So what are they saying about you? Social listening is a process of monitoring the social media chatter about you, your company, its brand and its leaders — In real-time with in-depth reporting.


MORE: Hear more about social media marketing resources and tools at the Digital Marketing Boot Camp, Feb. 15.


There are companies who have created algorithms to monitor your brand, your competitors and your industry.  Companies such as Zygnal, Nuvi, Meltwater, and others. While you can set up your own Google Alerts or leverage other free systems, there is nothing like getting pinged the moment someone is talking about you.
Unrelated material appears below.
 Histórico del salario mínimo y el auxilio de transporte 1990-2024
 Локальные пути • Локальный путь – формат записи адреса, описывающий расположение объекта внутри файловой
Why is it important to listen?

  • To protect your corporate reputation
  • To monitor what your colleagues and others are saying about you
  • To enhance the customer experience
  • To identify and leverage the influencers
  • To prevent the spread of fake news or bad information
  • To keep tabs on the competition
  • Identify media and influencers driving a story; see the point of origin and how fast    the story evolves

Just because your company is not tweeting or posting, does not mean that others aren’t talking about you online…They are! When you are ready to post or are ready to respond, listening to others on social media will help you respond in ways that matter. And knowing the best time to respond.

Whether you are a big business or small, or even a solo-preneur like me, you should have someone listening for you, who are prepared to engage with data and insight.
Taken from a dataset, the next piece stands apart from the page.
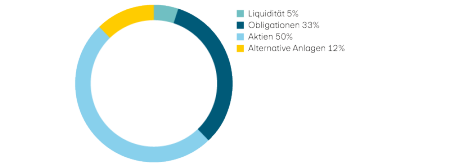 Liquidität 5%, Obligationen 33%, Aktien 50%, Alternative Anlagen 12%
According to Nuvi, “At the end of the day, having enormous amounts of data doesn’t mean you have all the insights you need to drive your social strategy forward. A good analysis tool is what gives your data its true value.”

It is time you understand what is being said about you and who is doing all the talking – good or bad.  You should create systems that measure, monitor, analyze and track the conversation and find the resources to help you with any planning or the response and correct and misinformation.

If you are saving lives every second everyday, then you better monitor what is being said abut you. If you want to gain your customers’ trust, then you better know what they are saying about you and make media intelligence central to your business

  • Leverage data to inform strategy
  • Monitor the competition
  • Protect your brand

Before you get started…

  • Know what and whom you be should be monitoring
  • Know who you should be following
  • Know what is preventing you from achieving your objectives

NOW LET’S START THE CONVERSATION!

DANIEL CHERRIN is the founder and CEO of North Coast Strategies, a public relations + affairs firm.  Through advocacy, collaboration and strategic relationships, Daniel has built a successful career, as an attorney, lobbyist and public relations professional. This includes serving as the Communications Director for the City of Detroit and Press Secretary to the Mayor of Detroit, federal lobbyist for the Detroit Regional Chamber and the owner of an independent public affairs consultancy. Through strategic communications, strategic relationships and something valuable to share, Daniel works to protect and enhance the reputation of organizations and people in the public eye. You can follow Daniel at www.northcoaststrategies.com and @DanCherrin on Twitter.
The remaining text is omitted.